Sua última tentativa foi em novembro de 2024, quando resolveu pagar a parcela única proposta pela Prefeitura de Olinda – de 4,5% do valor do imóvel – para quitar o laudêmio e não receber mais a cobrança. A conta custou mais de R$2 mil. Para surpresa dela, entretanto, a cobrança do Foro de Olinda de 2025 chegou novamente, no valor de R$192.

“Fui à Prefeitura de Olinda e dei entrada na liquidação, depois voltei lá e peguei um carnê para fazer o pagamento no banco, pensando que receberia a certidão de quitação. No entanto, disseram que só poderiam me dar o comprovante quando eu liquidasse também o ITBI da compra do apartamento”, diz Sônia.

Inconformada com a resposta, a professora voltou à Prefeitura novamente nesta semana e, desta vez, ouviu que não é mais necessário pagar o ITBI do imóvel para receber o certificado e que a cobrança deste ano não tem mais validade. Agora, ela espera o aguardado comprovante. “Até brinquei e disse que iria fazer um quadro com o documento", comentou, entre queixas sobre a desorganização da gestão municipal de Olinda.

Cobrança abusiva

Responsável por uma casa no bairro de Ponto de Parada desde 2013, também no Recife, o jornalista Márcio Bastos compartilha da mesma insatisfação. Só para transferir a titularidade do imóvel para sua família, foram pagos R$9 mil à Prefeitura de Olinda e, hoje, a cobrança anual do Foro ainda chega a mais de R$600. Caso o valor não seja pago, o foreiro pode ficar com o nome sujo no SPC.

“Considero uma cobrança abusiva. Não faz sentido pagar o IPTU ao Recife e, também, uma taxa para Olinda, em um valor alto, diga-se de passagem. Também paguei a taxa quando morei na Encruzilhada. Não me foi avisado sobre a cobrança, mas o boleto chegou. Como estava no contrato da imobiliária que eu deveria assumir eventuais cobranças, paguei o valor durante todo o período em que morei lá", comenta o jornalista.

“Em que esse valor é utilizado?
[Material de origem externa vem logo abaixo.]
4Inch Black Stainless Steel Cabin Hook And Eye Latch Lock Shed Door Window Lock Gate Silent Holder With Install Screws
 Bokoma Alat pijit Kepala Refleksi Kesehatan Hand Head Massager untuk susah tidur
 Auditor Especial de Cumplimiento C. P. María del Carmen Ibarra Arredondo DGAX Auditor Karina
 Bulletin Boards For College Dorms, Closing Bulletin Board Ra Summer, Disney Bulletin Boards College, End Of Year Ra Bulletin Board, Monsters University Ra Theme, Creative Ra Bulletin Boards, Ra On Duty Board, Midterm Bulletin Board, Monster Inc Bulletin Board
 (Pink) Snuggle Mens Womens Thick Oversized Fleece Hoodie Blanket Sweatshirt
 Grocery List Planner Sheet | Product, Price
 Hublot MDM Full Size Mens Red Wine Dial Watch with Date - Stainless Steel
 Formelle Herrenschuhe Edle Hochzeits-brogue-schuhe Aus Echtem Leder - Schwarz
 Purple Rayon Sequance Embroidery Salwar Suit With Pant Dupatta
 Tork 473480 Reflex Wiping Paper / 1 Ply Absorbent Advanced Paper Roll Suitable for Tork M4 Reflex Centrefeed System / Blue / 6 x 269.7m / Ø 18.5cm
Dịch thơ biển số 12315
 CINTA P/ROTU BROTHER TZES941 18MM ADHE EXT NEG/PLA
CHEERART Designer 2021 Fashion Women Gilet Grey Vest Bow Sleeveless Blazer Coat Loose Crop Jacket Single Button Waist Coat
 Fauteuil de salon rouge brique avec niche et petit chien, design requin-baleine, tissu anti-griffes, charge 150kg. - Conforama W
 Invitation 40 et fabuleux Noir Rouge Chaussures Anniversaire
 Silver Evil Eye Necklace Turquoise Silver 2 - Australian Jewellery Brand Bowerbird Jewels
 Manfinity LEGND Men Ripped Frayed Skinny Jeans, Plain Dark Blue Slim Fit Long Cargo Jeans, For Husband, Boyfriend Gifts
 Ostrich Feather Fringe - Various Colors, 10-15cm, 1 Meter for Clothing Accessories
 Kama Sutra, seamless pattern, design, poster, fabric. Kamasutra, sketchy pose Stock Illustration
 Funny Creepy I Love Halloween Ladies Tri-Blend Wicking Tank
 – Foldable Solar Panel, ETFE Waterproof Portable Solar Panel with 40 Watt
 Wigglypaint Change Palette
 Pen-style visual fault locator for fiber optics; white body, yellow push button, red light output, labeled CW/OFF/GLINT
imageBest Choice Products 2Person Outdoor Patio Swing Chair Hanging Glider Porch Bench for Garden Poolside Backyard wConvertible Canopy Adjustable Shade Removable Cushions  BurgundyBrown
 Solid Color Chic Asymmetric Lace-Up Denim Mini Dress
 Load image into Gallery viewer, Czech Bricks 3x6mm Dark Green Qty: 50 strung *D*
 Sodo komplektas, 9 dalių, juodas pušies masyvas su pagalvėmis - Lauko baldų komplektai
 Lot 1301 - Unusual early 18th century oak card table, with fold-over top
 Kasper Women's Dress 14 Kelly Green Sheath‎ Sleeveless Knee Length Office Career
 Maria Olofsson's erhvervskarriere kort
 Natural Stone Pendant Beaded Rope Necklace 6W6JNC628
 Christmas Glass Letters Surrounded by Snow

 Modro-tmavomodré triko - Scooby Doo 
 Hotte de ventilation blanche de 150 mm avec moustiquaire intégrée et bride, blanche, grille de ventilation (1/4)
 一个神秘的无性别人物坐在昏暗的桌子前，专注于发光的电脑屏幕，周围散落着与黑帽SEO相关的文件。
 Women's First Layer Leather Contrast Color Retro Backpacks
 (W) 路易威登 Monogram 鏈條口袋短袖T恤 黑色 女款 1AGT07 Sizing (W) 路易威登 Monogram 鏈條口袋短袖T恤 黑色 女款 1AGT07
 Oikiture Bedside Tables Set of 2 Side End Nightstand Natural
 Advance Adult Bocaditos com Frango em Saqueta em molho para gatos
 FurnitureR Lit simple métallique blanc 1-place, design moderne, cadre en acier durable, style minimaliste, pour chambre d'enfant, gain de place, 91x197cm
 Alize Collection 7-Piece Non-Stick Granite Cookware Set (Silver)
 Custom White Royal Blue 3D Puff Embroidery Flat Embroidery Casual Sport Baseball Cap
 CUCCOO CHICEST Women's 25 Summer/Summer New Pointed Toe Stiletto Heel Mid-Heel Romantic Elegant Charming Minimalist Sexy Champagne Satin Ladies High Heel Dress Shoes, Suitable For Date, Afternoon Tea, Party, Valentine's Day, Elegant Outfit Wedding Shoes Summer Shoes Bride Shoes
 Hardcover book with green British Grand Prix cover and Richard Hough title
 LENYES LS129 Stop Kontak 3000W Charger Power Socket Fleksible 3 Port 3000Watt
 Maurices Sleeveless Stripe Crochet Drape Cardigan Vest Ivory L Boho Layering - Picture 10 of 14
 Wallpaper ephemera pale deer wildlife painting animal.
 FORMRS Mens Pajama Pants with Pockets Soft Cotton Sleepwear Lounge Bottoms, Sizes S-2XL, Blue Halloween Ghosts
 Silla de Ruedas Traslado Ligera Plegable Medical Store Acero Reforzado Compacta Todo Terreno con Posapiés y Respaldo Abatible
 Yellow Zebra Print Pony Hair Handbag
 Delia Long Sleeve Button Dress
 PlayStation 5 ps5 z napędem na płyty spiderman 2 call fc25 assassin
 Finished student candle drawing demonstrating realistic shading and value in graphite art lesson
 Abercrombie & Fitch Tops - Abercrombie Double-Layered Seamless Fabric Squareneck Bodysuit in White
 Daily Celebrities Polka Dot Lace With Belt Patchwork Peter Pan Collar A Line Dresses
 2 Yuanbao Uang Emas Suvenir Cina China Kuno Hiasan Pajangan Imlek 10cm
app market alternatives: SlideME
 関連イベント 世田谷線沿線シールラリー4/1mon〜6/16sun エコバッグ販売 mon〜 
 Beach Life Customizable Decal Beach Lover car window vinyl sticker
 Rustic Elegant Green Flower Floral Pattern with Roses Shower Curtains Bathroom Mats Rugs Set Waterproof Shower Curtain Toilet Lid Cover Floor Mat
Quanto a Prefeitura de Olinda arrecada dos contribuintes recifenses?", pergunta-se Márcio, que diz nunca ter visto nenhuma das gestões olindenses investindo nos endereços.

Procurada, a Prefeitura de Olinda não forneceu dados recentes sobre o total de contribuintes do “foro”. Em 2009, havia cerca de 7 mil imóveis localizados em áreas de cobrança. À época, o valor arrecadado pelo município era de R$ 20 milhões por ano – o equivalente a mais de R$ 58 milhões, em valores corrigidos.

Briga judicial

Em 2012, a Prefeitura de Olinda ajuizou uma ação na Justiça Federal para fazer a cobrança do “foro” em parte dos terrenos doados por Duarte Coelho, onde atualmente a taxa é recolhida pela União e pela Santa Casa de Misericórdia do Recife.

O pedido foi negado na primeira instância, em 2015, e no Tribunal Regional Federal da 5ª Região (TRF-5), em 2019. “A pretensão de considerar válido o Foral de Olinda parece atentar contra a própria forma como as coisas se dão em uma República”, registrou o voto do relator do caso, à época.

No julgamento, a Justiça Federal também entendeu que, desde a Constituição de 1891, os atos de doação de terra por donatários já não seriam mais válidos.

O município, então, entrou com recurso extraordinário no STF, que foi negado pela ministra Cármen Lúcia, em decisão monocrática, posteriormente confirmada pela 1ª Turma da Suprema Corte. A decisão foi proferida em julho de 2024.

Em nota, a gestão Mirella Almeida (PSD) alegou que o município de Olinda permaneceria “autorizado a realizar a cobrança do foro enfiteutico nas áreas em que não há sobreposição de domínio com a União ou com a Santa Casa de Misericórdia do Recife”.

“Em recente decisão judicial, ficou delimitado que o Município deve se abster de efetuar a cobrança do foro apenas nos territórios em que esses entes já exercem o mesmo tipo de cobrança”, diz o comunicado oficial.

“Tal vedação é específica e não compromete o exercício legítimo da cobrança municipal em outras regiões de área foreira, onde não há litígio ou duplicidade de incidência”. Questionada, a Prefeitura não informou em quais áreas supostamente estaria autorizada a fazer a cobrança.